Who is your brand?
We’ve started working with a new client this week, one I’ve known about for a fair amount of time and one where I am good friends with the owner of the business.
It’s come to the point where we need to position the brand correctly – up until now it has grown fairly organically under its own steam, but as it reaches the next phase of its life cycle and is called upon to directly engage with the consumer, it needs to ‘grow up’ and set out its stall of who it is and what it stands for.
Most initial conversations I have with brand owners revolve around how to engage, and some of the time, identify their target markets. In this case, the target market is pretty evident and very well understood by the operator. What is not evident however, is the personality of the brand.

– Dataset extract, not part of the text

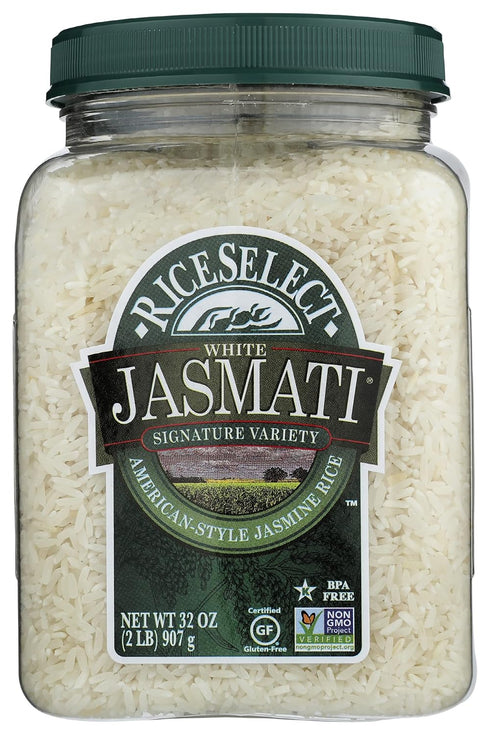 RiceSelect Jasmati White American-Style Jasmine Rice, Gluten Free, Non GMO, 32 Ounces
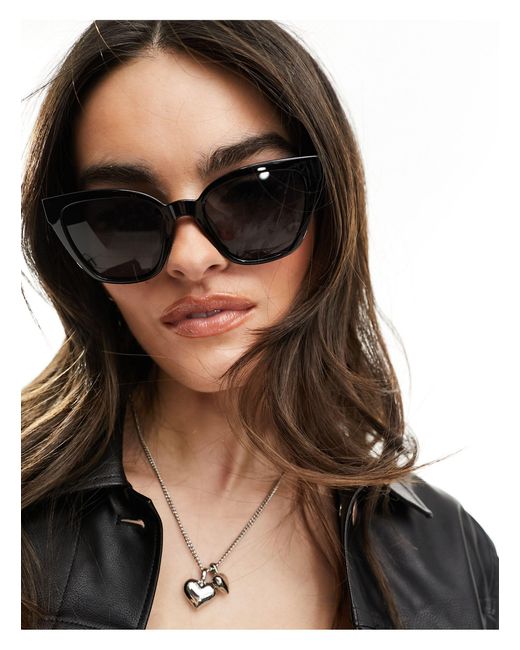& Other Stories Black Oversized Square Sunglasses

Again I’ve run workshops were we analyse the behaviour of a brand in order to understand how it would engage in its marketplace, but this one was different, and so we took a different approach: we actually took the step of turning the brand into an actual person and giving them a life history, personality, likes and dislikes. It was only a first step – with the description running across a couple of pages – but it was a start. As we expand and work with this brand further, we’d look to personify it even more – maybe even create a physical image of it as a human being.
The result?
What we created gave us the chance to see the brand in a much clearer light, allowing us to understand not only how she (turned out she was female!) would act with consumers, but also how she would act with different target demographics. Next steps in building the marketing plan around this new found life history became a whole lot easier – especially when looking at establishing aspects of the plan like brand pillars.
So next time you’re struggling to work out where to take your business brand, where to advertising, how to market or how to engage your consumers, maybe spend an afternoon workshopping your brands personality and see if that reveals any new paths. Even if it doesn’t, it can reveal some hidden depths to your brand that you may not have previously thought about or explored.